Una crociata universale e ineluttabile “per la difesa della città” che passa dalla distruzione della agibilità degli spazi e dalla creazione di nuove guerre di classe con la produzione di confini invisibili per i giovani senza soldi che si inventano allegramente una vita e una festa, fanno rivivere uno spazio, prendono una casa abbandonata da decenni e ci organizzano dibattiti, cineforum o presentazione di libri. Dentro questa costruzione cittadina è risaputamente inclusa la funzione della polizia, essa ne è parte integrante soprattutto in situazioni economiche “dure” che possono rischiare di fare aumentare le proteste, le rivolte e i crimini contro la proprietà. Dunque esiliare e intimorire, deprimere e spaventare i “cattivi cittadini”, quelli che pretendono di stare nelle strade, estinguere ogni istanza di spazio pubblico e di socialità, convincere, a forza di botte, a non aderire a una manifestazione: meglio starsene al sicuro a casa propria, a farsi, da soli, i fatti propri. Al “bene comune” ci pensa il predestinato Mario Monti, l’“eletto” anche se mai eletto, che la fortuna e Napolitano hanno avuto la generosità e l’acutezza di mettere sulla nostra strada.

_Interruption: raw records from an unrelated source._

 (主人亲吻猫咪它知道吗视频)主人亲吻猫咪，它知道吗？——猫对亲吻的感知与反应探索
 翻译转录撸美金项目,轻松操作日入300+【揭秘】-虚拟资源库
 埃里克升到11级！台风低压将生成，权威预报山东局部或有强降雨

Nuovo ordine normo-costituito 

La restrizione degli spazi di libertà va oggi di pari passo con l’acuirsi della crisi economica e con la crisi conclamata della governance dell’ultimo decennio che ha cercato di gestire le differenti pulsioni sociali attraverso lo strumento bidirezionale della carota e del bastone. Con l’avvento del governo tecnico, la patina esteriore di salvaguardia delle apparenze è saltata. Le vicende descritte sono tutte collegate tra loro e sono il frutto di precisi ordini e ci raccontano il “nuovo ordine” che da qui in poi verrà imposto con sempre maggiore decisione e ostilità. Il comportamento della maggior parte dei media, la cui scorrettezza è imbarazzante, si iscrive all’interno di questo medesimo discorso.

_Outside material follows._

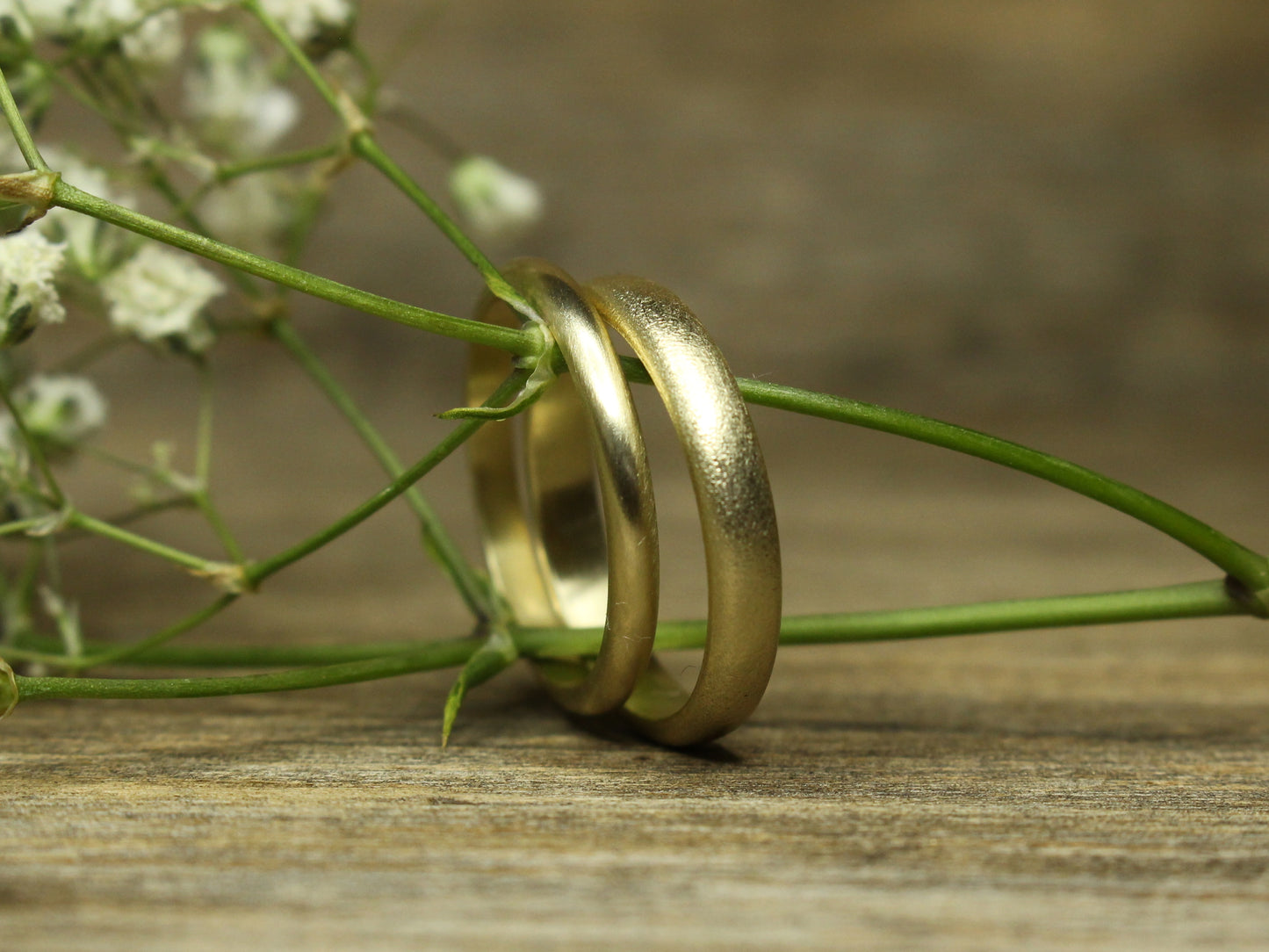 Rounded Band Set of Two in Solid Gold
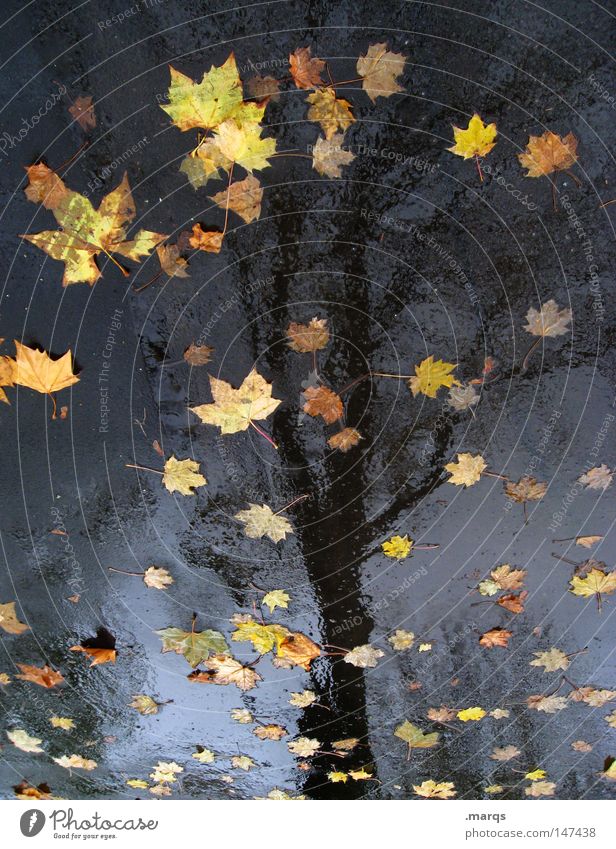 The leaves have fallen Tree Leaf Wet Cold Damp Autumn Asphalt Reflection Transience Rain Street Water Allegory ...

Il soundsistem OppostiConcordi, ragionando in questi giorni su quanto accaduto a Cusago, ha ricordato il Tulps “Testo Unico sulle Leggi di Pubblica Sicurezza” che recepisce il Decreto Regio del 1931, strumento di controllo e repressione delle azioni sociali, rinnovato da molte legislature fino al 2008. Fanno notare: “Vietati i rave, dunque, come qualsiasi altro raduno che per luogo o numero dei partecipanti abbia carattere di riunione pubblica e che non sia stata comunicata e approvata preventivamente dal questore competente. Nella nostra storia recente questo strumento è più usato in casi di manifestazioni politiche, che in caso di un rave, che assai difficilmente sfocerà in una rivolta popolare. Strumento malleabile: dice esplicitamente che vanno anche impedite tutte le ‘manifestazioni lesive del prestigio delle autorità’”.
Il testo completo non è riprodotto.